L’affaire des 49 militaires ivoiriens interpellés le dimanche 10 juillet 2022 à l’aéroport international Modibo Kéita de Senou, à Bamako par les autorités maliennes, continue de faire des vagues entre le Mali et la Côte d’Ivoire. Les réactions s’amplifient avec leur inculpation le 13 août 2022 au Mali. « Les 49 militaires ivoiriens ont été inculpés vendredi pour tentative d’atteinte à la sûreté de l’état et mis sous mandat de dépôt. Avant d’être écroués ». Rapporte l’Afp dans une de ses dépêches.
Alors que des observateurs très au fait de la diplomation régionale et le bon voisinage pensaient que le dialogue et la négociation fermeraient la parenthèse de cette affaire militaire. Malgré tout et en dépit de certains va- en- guerre, sur les réseaux sociaux, le ton des politiques en Côte d’Ivoire, est à l’apaisement et à l’appel au dialogue : Le « Djenkafo » comme on le dirait au Mali.
Au cours de son message à la nation, le 06 août 2022, à la faveur de la célébration des 62 ans de l’indépendance de la Côte d’Ivoire, le Président Alassane Ouattara est revenu sur l’engagement des militaires ivoiriens sur les théâtres d’opérations militaires en Afrique. Il a annoncé que « ce sont plus de 850 soldats ivoiriens qui risquent quotidiennement leur vie pour restaurer la paix et la sécurité au Mali et ceci depuis 2013 dans le cadre de la lutte contre le terrorisme. » A sa suite, c’est Joel N’guessan, cadre du Rhdp(formation politique de Ouattara), qui invite à l’apaisement. Dans une déclaration parvenue à la presse, M. N’Guessan se demande donc « alors comment comprendre que les autorités maliennes se focalisent sur nos 49 soldats (en mission officielle) au risque de mettre à mal durablement, les relations entre nos deux États et créer des tensions inutiles entre les populations ivoiriennes et maliennes qui vivent en parfaite harmonie en Côte d’Ivoire. J’encourage toutes les médiations politiques et diplomatiques actuellement en cours pour trouver une issue heureuse à cette inutile crise entre la Côte d’Ivoire et le Mali. »

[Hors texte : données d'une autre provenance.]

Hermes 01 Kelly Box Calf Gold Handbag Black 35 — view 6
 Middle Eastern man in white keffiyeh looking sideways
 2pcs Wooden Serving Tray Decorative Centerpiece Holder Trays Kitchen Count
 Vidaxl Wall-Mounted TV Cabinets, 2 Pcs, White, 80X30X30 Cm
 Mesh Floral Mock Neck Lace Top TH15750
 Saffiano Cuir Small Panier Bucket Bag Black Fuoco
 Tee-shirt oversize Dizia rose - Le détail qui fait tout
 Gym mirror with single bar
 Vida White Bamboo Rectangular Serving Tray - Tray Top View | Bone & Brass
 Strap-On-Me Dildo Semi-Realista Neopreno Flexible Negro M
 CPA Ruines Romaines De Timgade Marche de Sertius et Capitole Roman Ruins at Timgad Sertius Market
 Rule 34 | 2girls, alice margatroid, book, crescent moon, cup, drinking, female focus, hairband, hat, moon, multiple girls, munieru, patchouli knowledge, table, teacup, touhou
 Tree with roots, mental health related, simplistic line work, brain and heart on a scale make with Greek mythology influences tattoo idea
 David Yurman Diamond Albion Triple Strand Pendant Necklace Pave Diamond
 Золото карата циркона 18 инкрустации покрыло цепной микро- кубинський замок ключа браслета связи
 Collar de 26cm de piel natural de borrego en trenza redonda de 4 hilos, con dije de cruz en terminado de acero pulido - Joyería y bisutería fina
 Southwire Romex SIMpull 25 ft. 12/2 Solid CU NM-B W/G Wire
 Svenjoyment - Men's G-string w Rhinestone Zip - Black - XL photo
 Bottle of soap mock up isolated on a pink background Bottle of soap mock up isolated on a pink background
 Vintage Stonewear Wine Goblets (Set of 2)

Car pour lui, « (…) vivent sur le sol ivoirien, plus de 2 millions 500 mille de nos frères originaires du Mali. Ils se sont établis en Côte d’Ivoire et prospèrent économiquement, financièrement, socialement, culturellement et religieusement sans que surviennent des tensions entre nos deux peuples. D’ailleurs, je fais remarquer qu’ils se sentent plus ivoiriens que maliens, car eux et leurs familles sont en Côte d’Ivoire depuis au moins 70 ans » Sans oublier que les pays sont interdépendants en ce qui concerne la fourniture d’électricité, l’approvisionnement en carburants (pétrole et gaz), la livraison d’ovins et caprins. Les ports d’Abidjan et de San Pedro en Côte d’Ivoire sont les meilleurs partenaires des opérateurs économiques du Mali.
Embouchant la trompette de la négociation et du dialogue, d’autres voix s’élèvent pour étouffer les échauffements au sein de la population, surtout au niveau des jeunes. Qui ont fait capoter le week-end de l’assomption, un concert d’artistes maliens qui voulaient prestés ont été contraints de reporter à une date ultérieure leur concert, compte tenu du mécontentement qui commence à grandir au niveau des populations ivoiriennes.
Danièle Boni-Claverie, Présidente de l’Urd, pour sa part, invite le Président Ouattara à mettre tout en œuvre pour le retour des 49 militaires ivoiriens en prison au Mali. « Cette affaire militaire relevant d’un domaine hautement sensible doit nous pousser, nous, opposition et société civile, à être extrêmement prudents et réservés. Il y a des usages. Lorsque son pays est attaqué et l’image de la Côte d’Ivoire est fortement entamée par les accusations portées contre elle une union sacrée, ponctuelle se met en place et amène l’ensemble des forces politiques à adopter une position commune. Pour se faire, il aurait été souhaitable que le Pouvoir initie une rencontre d’information avec les responsables des partis de l’opposition, échanges dont la confidentialité aurait été assurée, ce que ne peut garantir un débat parlementaire » Préconise-t-elle.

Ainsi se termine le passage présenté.